▼

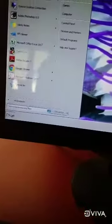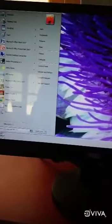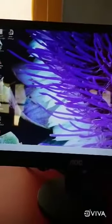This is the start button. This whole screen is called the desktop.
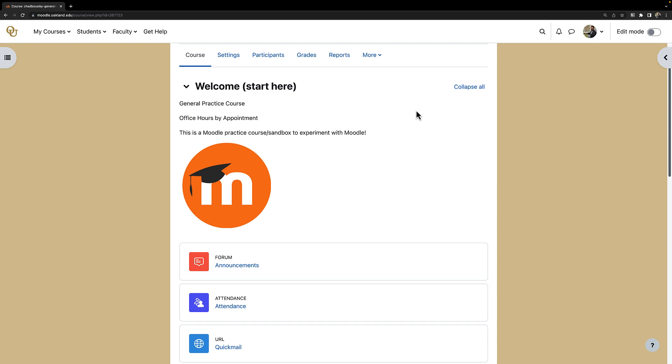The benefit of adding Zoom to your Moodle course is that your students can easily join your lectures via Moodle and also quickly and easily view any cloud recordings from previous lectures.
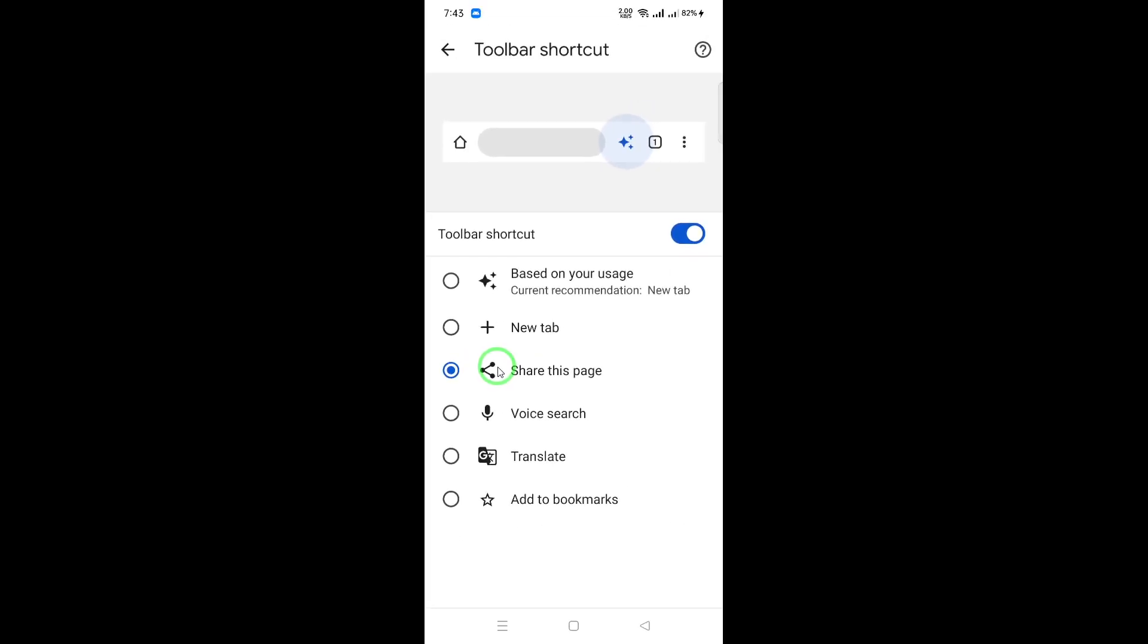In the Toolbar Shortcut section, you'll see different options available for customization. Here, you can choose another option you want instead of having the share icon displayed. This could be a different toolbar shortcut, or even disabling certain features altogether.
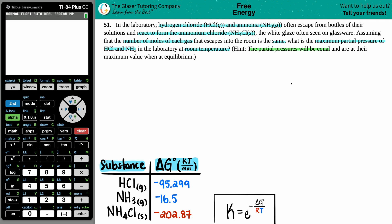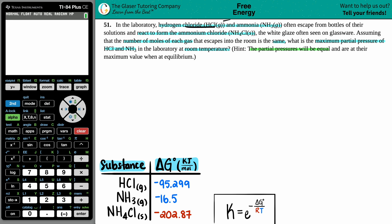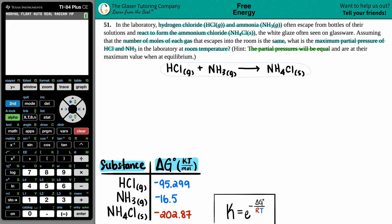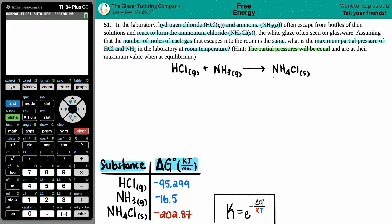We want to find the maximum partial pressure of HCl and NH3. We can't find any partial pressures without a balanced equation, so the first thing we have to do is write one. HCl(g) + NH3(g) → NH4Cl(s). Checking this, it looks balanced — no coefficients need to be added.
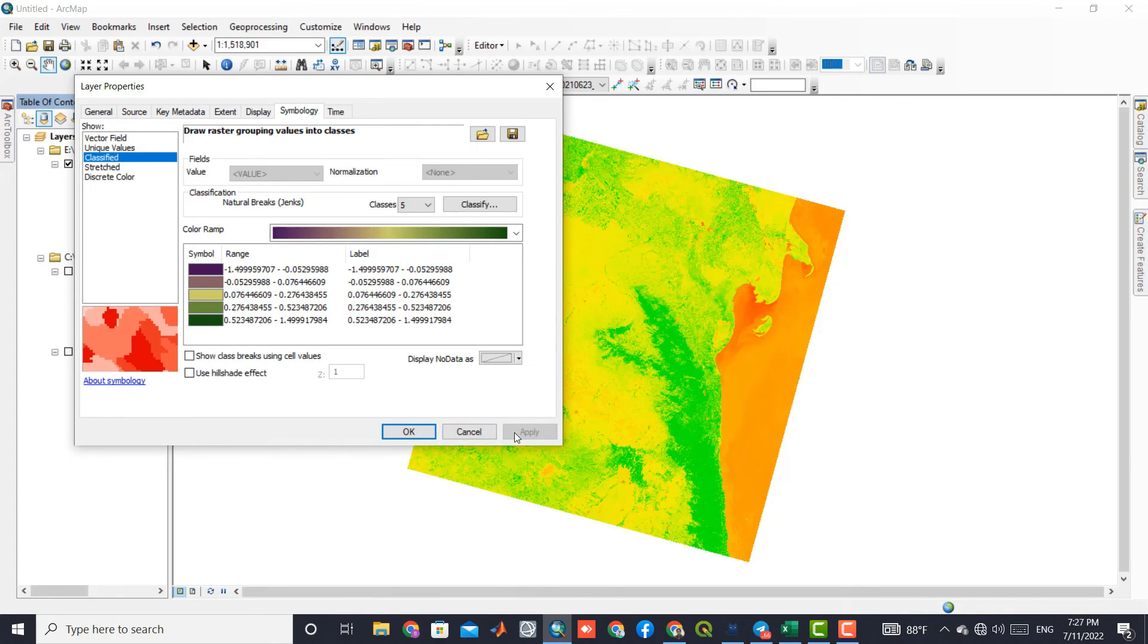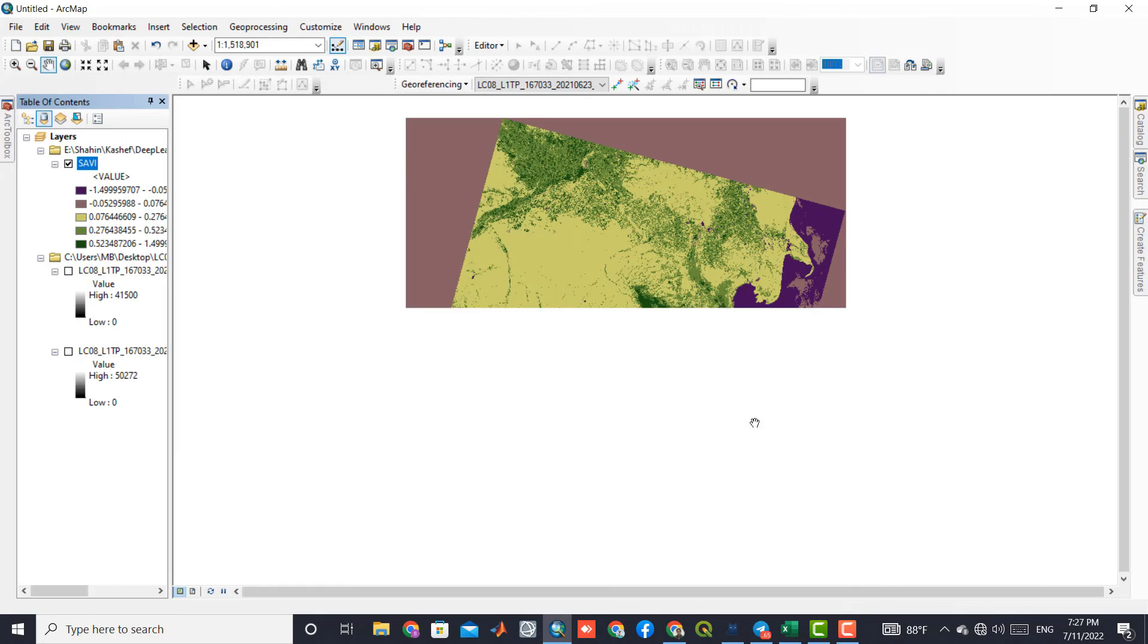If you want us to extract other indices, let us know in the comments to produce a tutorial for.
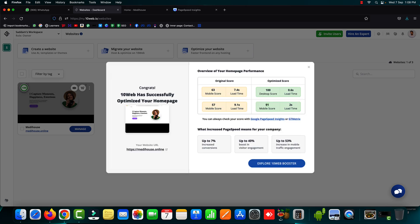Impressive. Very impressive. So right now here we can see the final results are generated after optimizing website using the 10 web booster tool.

▲

## What the task requires
Print the full listing again exactly, and drop every image from it.

## Result for this exercise
This is the start button. This whole screen is called the desktop.
The benefit of adding Zoom to your Moodle course is that your students can easily join your lectures via Moodle and also quickly and easily view any cloud recordings from previous lectures.
In the Toolbar Shortcut section, you'll see different options available for customization. Here, you can choose another option you want instead of having the share icon displayed. This could be a different toolbar shortcut, or even disabling certain features altogether.
We want to find the maximum partial pressure of HCl and NH3. We can't find any partial pressures without a balanced equation, so the first thing we have to do is write one. HCl(g) + NH3(g) → NH4Cl(s). Checking this, it looks balanced — no coefficients need to be added.
If you want us to extract other indices, let us know in the comments to produce a tutorial for.
Impressive. Very impressive. So right now here we can see the final results are generated after optimizing website using the 10 web booster tool.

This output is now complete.